Phil Woolas (left) and Gerald Shamash speak to the media after Friday's verdict.

Former Saddleworth MP Phil Woolas has suffered a serious blow in his attempt to force a judicial review of the election court case. A High Court judge today decided that such a review was not the correct legal method to challenge the verdict.

That verdict, delivered on Friday at Uppermill Civic Hall, found Mr Woolas guilty of breaking election law by knowingly lying about his Liberal Democrat opponent in campaign leaflets. He was stripped of his victory in May’s general election, and given a three-year ban from holding public office.

His solicitor, Gerald Shamash, today promised to fight on saying that a new request for a judicial review would be lodged. The Press Association quoted him as saying: “The judge decided that judicial review was not the appropriate course. We say it is and we think he has got it wrong.”

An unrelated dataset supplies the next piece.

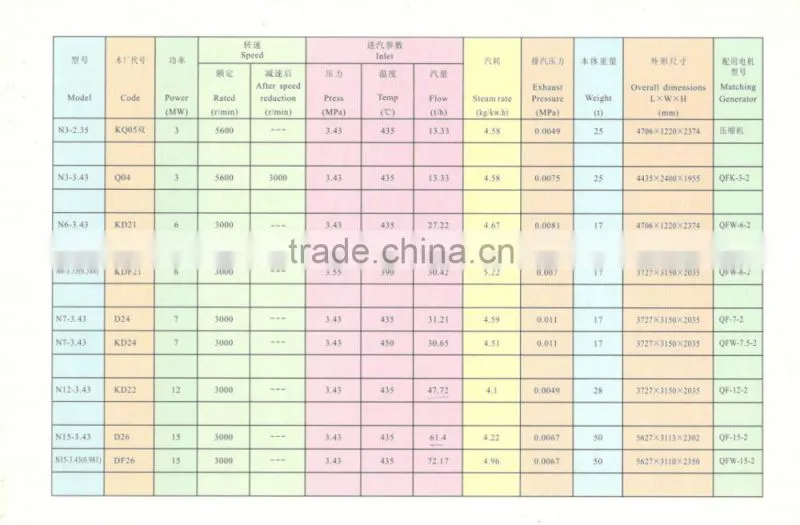 1MW to 60MW Used Biomass or Coal Fired Power Plant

It’s not clear when the new application for a review will be heard, although it must be lodged within the next four days. Mr Woolas, who was suspended by the Labour Party following Friday’s verdict, has already been told he won’t be welcome back in the party in future, regardless of the outcome of any review.

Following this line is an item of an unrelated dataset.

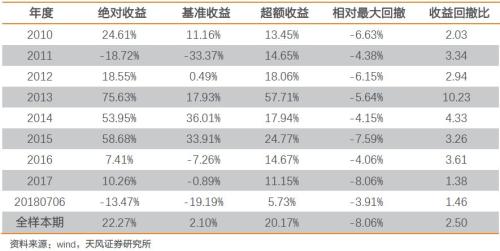收入证明_本年收益包含哪些收入(2)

Meanwhile, there has been some support for the former Immigration Minister from two well-known Labour figures. Manchester Blackley MP Graham Stringer said he thought his ex-colleague had been “hung out to dry” by the party, while former Labour General Secretary Peter Watt described the party’s treatment of Mr Woolas as “nothing short of disgraceful.”

You can read more about the decision to block the judicial review from PA and the Guardian here. There’s more about Mr Stringer’s comments at the BBC website here, while Mr Watt’s article can be read on the Labour Uncut site here.

You can read about the full background to the case from Saddleworth News here.

4 comments to New Legal Setback For Woolas

  • Julie

    I have been a Labour voter all my life but in this case I say Good Riddance to the man! he has disgraced himself, his family and his political party.

  • carl

    Does this mean that all politicians are not allowed to lie any more ?

  • Glittery Delpher

    It’s not quite over yet, Julie. He can still apply for another judicial review or an appeal.

    And then we’ve got the potential Meacher trial to look forward to… perhaps Meacher can call Woolas as a witness!

  • Glittery Delpher


    There are moves afoot to stop politicians to stop lying. They’ll pass a law as soon as they’ve solved famine, dieases and put an end to all wars.

    But seriously: this case was spectacularly unusual in many respects.

    Firstly, Woolas’ claims were off-the-wall crazy. He accused Watkins of many crimes, several of which carry prison sentences if proved. This is not a normal political slur.

    And they were also judged to be personal, rather than political. For example, in 1997 Tony Blair pledged not to bring in tuition fees. He did. Similarly, many Lib Dem MPs pledged not to vote for top-up fees. It looks like they will. But as these statements are about policies and politics and not untrue statements of fact about an opposition candidate, they would not be against the law.

    I think there may have been a legal challenge to the last Labour Government over their manifesto commitments a few years ago. Can anyone else remember this?